◆ Description of the task ◆
Could you repeat the entries below exactly, but only from the line with "Download server pack" through the line with "Men's Plus Size", and without any picture?

◆ Entries provided ◆
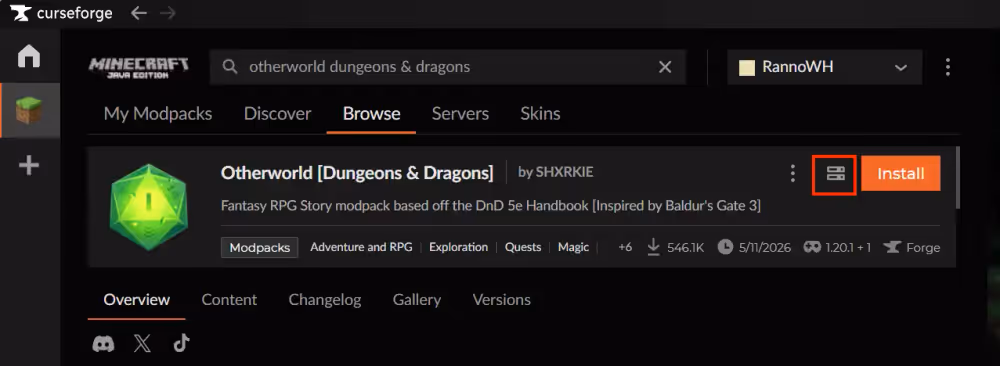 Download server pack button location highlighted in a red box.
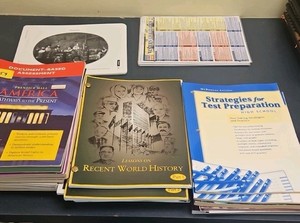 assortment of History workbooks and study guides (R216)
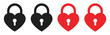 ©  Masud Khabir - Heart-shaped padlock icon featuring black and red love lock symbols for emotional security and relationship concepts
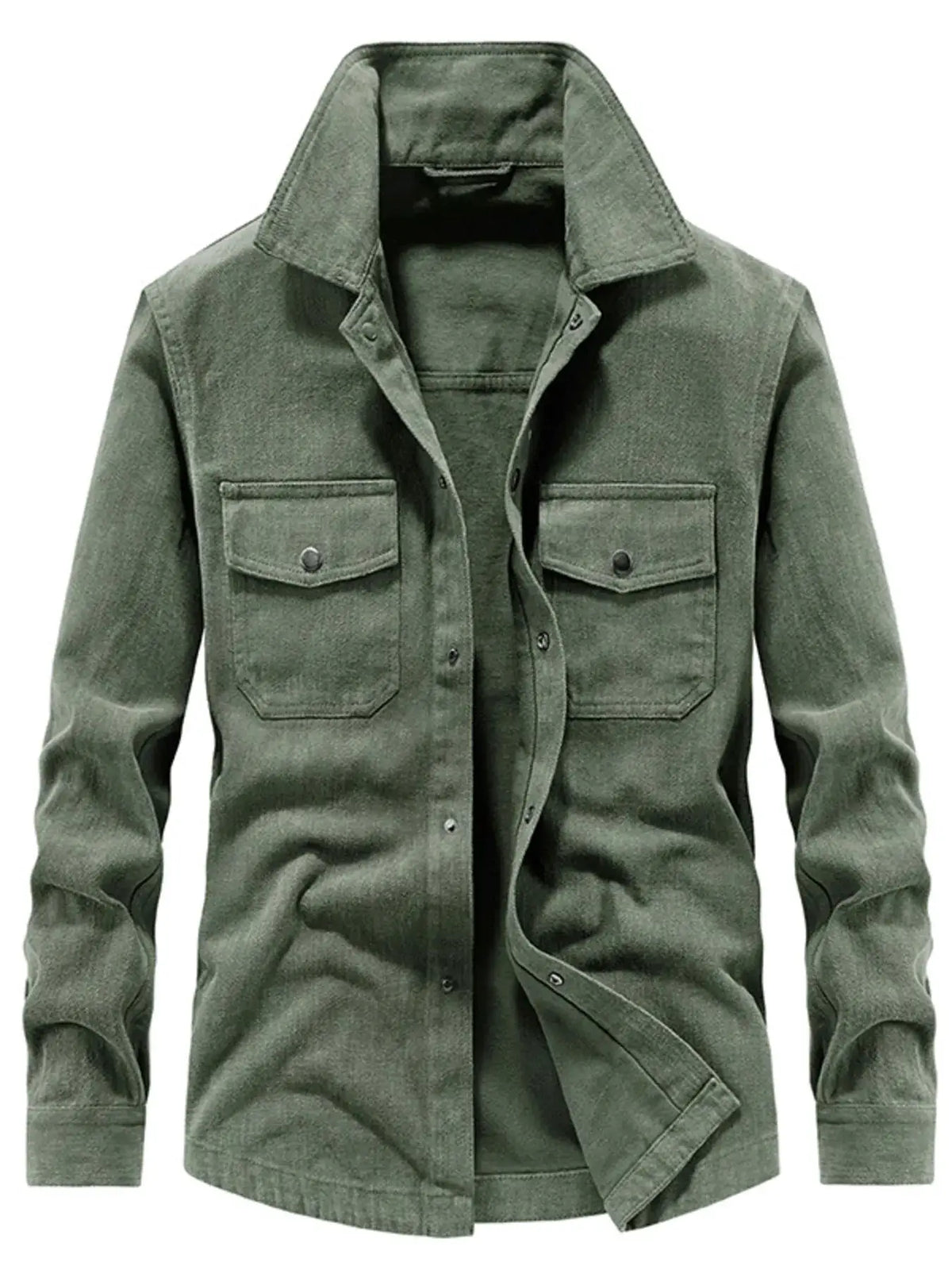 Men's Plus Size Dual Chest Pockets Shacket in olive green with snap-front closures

...

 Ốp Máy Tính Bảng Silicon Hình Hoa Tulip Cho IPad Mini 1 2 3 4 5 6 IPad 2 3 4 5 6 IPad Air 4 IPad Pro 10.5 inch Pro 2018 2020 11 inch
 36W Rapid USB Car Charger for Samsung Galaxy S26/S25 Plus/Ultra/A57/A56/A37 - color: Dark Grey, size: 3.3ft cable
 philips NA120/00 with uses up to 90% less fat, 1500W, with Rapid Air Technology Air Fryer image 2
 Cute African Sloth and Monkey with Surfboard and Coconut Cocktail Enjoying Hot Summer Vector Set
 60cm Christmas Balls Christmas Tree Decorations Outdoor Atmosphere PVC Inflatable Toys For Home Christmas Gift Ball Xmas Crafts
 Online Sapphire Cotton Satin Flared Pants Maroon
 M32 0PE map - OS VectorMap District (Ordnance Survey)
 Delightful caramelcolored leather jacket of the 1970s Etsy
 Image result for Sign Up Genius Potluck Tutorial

--

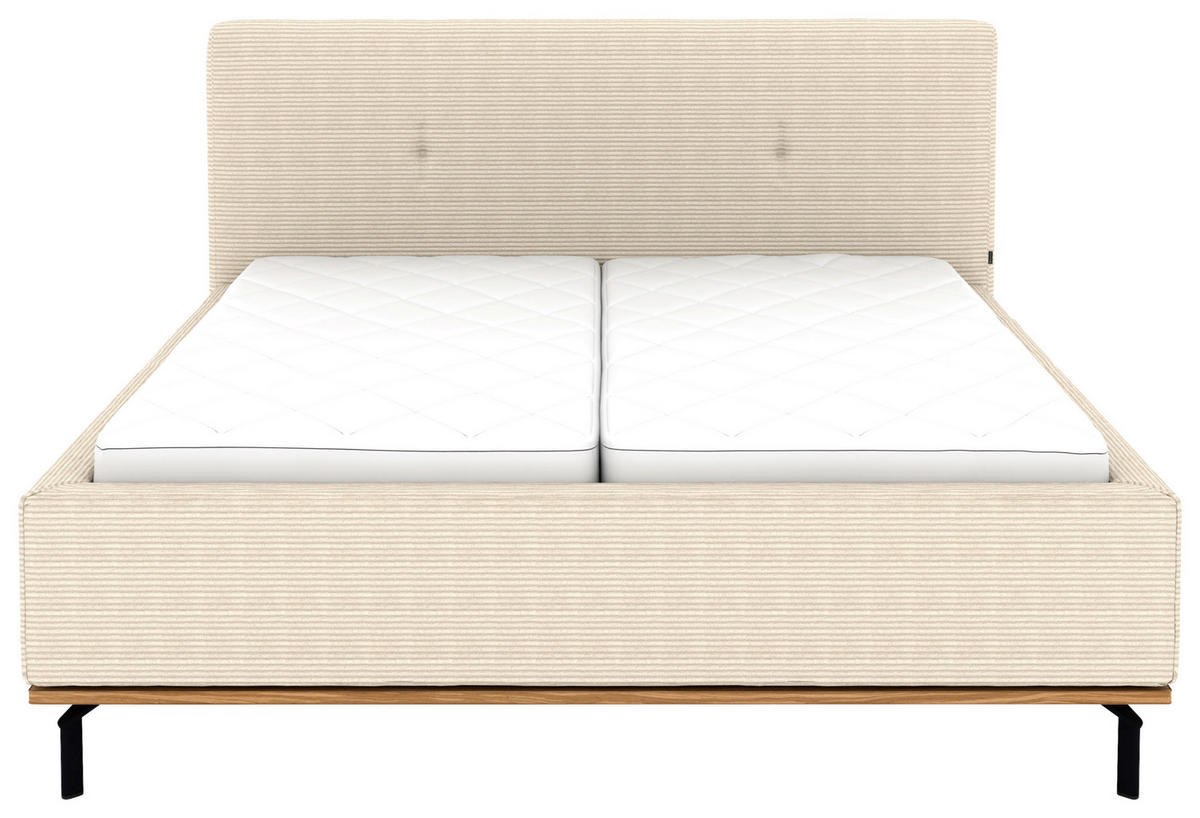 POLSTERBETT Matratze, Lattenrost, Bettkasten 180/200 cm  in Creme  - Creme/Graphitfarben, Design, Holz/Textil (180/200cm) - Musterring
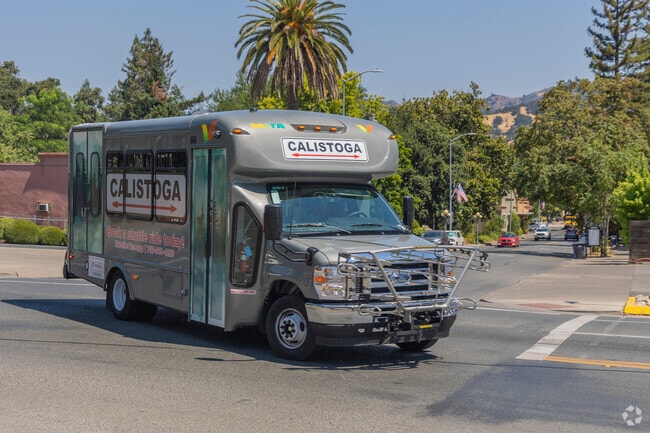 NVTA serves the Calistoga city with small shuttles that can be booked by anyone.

◆ Exercise response ◆
 Download server pack button location highlighted in a red box.
 assortment of History workbooks and study guides (R216)
 ©  Masud Khabir - Heart-shaped padlock icon featuring black and red love lock symbols for emotional security and relationship concepts
 Men's Plus Size Dual Chest Pockets Shacket in olive green with snap-front closures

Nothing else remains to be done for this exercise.